→ **SUPPLIED MATERIAL**:
--- START ---
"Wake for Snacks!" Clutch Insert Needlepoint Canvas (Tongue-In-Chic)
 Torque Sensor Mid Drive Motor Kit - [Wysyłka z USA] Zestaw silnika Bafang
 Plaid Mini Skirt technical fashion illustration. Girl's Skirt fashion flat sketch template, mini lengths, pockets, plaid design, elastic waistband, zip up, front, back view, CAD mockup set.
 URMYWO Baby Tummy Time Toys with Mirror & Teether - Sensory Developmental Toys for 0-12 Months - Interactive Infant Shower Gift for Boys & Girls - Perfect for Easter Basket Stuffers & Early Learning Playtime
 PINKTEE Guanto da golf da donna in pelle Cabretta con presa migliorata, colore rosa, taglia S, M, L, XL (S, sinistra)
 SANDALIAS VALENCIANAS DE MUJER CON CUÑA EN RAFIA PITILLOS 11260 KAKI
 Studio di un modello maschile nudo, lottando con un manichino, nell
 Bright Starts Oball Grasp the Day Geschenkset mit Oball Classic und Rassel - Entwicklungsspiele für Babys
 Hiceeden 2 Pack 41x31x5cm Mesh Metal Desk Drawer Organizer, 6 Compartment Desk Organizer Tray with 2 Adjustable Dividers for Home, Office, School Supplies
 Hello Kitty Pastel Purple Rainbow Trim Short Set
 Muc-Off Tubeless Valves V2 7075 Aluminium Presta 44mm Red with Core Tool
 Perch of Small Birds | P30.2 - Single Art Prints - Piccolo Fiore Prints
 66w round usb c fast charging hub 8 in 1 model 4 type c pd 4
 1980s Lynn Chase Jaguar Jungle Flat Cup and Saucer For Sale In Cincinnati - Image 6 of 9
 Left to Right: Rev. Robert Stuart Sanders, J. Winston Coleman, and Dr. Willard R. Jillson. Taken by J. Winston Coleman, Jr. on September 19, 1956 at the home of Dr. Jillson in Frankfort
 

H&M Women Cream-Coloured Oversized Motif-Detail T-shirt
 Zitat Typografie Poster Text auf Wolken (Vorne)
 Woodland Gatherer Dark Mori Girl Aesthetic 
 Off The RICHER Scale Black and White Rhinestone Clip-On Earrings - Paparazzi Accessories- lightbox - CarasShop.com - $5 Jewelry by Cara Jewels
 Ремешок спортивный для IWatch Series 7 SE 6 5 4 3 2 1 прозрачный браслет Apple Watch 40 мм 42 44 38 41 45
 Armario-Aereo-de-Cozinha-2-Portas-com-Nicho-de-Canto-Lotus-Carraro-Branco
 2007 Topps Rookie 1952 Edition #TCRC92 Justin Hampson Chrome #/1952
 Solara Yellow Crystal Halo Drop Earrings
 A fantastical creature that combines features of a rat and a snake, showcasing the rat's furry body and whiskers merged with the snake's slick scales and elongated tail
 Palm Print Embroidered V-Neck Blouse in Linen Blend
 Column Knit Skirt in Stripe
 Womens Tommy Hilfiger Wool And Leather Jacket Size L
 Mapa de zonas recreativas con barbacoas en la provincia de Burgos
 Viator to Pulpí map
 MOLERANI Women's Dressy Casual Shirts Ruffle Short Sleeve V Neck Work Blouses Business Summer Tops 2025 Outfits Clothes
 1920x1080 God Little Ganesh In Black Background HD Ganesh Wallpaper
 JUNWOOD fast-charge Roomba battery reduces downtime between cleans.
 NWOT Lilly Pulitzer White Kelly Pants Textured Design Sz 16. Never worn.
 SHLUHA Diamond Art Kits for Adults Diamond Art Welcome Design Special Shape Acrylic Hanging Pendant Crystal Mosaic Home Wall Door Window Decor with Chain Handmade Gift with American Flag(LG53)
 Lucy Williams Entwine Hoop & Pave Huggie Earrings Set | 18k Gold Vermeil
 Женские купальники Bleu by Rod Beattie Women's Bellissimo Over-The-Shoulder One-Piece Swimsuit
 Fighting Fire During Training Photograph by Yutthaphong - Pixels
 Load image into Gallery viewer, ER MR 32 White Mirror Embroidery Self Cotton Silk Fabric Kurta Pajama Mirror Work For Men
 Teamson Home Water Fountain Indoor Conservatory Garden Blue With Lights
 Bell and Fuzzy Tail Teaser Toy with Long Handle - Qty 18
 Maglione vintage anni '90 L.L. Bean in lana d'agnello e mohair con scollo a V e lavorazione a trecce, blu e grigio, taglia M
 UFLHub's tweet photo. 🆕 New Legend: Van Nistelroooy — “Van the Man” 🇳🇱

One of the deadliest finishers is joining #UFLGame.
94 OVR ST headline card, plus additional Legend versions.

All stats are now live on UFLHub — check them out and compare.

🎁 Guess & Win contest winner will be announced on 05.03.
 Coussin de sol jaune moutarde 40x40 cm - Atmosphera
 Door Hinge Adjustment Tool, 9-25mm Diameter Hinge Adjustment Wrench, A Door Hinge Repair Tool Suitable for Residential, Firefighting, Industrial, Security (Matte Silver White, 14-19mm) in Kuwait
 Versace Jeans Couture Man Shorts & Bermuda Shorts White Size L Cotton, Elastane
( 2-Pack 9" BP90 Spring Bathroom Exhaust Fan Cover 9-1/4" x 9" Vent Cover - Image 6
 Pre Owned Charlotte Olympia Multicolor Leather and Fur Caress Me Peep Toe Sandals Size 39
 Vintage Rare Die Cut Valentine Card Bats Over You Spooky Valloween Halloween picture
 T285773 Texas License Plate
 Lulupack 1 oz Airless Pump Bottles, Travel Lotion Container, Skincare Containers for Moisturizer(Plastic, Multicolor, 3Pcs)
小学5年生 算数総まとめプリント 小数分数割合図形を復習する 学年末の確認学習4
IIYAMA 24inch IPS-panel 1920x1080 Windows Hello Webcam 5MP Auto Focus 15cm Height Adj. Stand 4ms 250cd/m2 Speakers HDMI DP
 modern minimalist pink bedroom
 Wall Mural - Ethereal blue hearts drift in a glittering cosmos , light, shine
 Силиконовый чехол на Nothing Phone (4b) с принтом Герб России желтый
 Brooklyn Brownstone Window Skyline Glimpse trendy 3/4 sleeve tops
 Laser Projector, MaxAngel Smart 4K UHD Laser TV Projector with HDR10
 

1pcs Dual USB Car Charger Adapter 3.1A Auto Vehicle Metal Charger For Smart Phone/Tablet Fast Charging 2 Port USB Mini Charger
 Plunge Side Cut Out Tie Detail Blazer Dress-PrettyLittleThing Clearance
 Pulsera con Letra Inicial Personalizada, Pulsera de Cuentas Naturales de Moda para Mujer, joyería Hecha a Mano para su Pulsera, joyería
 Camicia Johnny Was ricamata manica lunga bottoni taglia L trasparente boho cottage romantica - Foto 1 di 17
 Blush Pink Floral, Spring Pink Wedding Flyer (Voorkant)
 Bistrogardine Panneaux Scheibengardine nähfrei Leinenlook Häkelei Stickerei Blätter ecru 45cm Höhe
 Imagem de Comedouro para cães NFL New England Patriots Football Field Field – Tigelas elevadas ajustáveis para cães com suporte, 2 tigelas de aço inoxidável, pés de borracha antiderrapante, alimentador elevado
--- END ---
→ **EXERCISE DETAILS**: Look through the material above and print exactly the lines from the one containing "1920x1080 God Little" to the one containing "Wall Mural - Ethereal", both included, and nothing more.

→ **RESPONSE AREA**:
 1920x1080 God Little Ganesh In Black Background HD Ganesh Wallpaper
 JUNWOOD fast-charge Roomba battery reduces downtime between cleans.
 NWOT Lilly Pulitzer White Kelly Pants Textured Design Sz 16. Never worn.
 SHLUHA Diamond Art Kits for Adults Diamond Art Welcome Design Special Shape Acrylic Hanging Pendant Crystal Mosaic Home Wall Door Window Decor with Chain Handmade Gift with American Flag(LG53)
 Lucy Williams Entwine Hoop & Pave Huggie Earrings Set | 18k Gold Vermeil
 Женские купальники Bleu by Rod Beattie Women's Bellissimo Over-The-Shoulder One-Piece Swimsuit
 Fighting Fire During Training Photograph by Yutthaphong - Pixels
 Load image into Gallery viewer, ER MR 32 White Mirror Embroidery Self Cotton Silk Fabric Kurta Pajama Mirror Work For Men
 Teamson Home Water Fountain Indoor Conservatory Garden Blue With Lights
 Bell and Fuzzy Tail Teaser Toy with Long Handle - Qty 18
 Maglione vintage anni '90 L.L. Bean in lana d'agnello e mohair con scollo a V e lavorazione a trecce, blu e grigio, taglia M
 UFLHub's tweet photo. 🆕 New Legend: Van Nistelroooy — “Van the Man” 🇳🇱

One of the deadliest finishers is joining #UFLGame.
94 OVR ST headline card, plus additional Legend versions.

All stats are now live on UFLHub — check them out and compare.

🎁 Guess & Win contest winner will be announced on 05.03.
 Coussin de sol jaune moutarde 40x40 cm - Atmosphera
 Door Hinge Adjustment Tool, 9-25mm Diameter Hinge Adjustment Wrench, A Door Hinge Repair Tool Suitable for Residential, Firefighting, Industrial, Security (Matte Silver White, 14-19mm) in Kuwait
 Versace Jeans Couture Man Shorts & Bermuda Shorts White Size L Cotton, Elastane
( 2-Pack 9" BP90 Spring Bathroom Exhaust Fan Cover 9-1/4" x 9" Vent Cover - Image 6
 Pre Owned Charlotte Olympia Multicolor Leather and Fur Caress Me Peep Toe Sandals Size 39
 Vintage Rare Die Cut Valentine Card Bats Over You Spooky Valloween Halloween picture
 T285773 Texas License Plate
 Lulupack 1 oz Airless Pump Bottles, Travel Lotion Container, Skincare Containers for Moisturizer(Plastic, Multicolor, 3Pcs)
小学5年生 算数総まとめプリント 小数分数割合図形を復習する 学年末の確認学習4
IIYAMA 24inch IPS-panel 1920x1080 Windows Hello Webcam 5MP Auto Focus 15cm Height Adj. Stand 4ms 250cd/m2 Speakers HDMI DP
 modern minimalist pink bedroom
 Wall Mural - Ethereal blue hearts drift in a glittering cosmos , light, shine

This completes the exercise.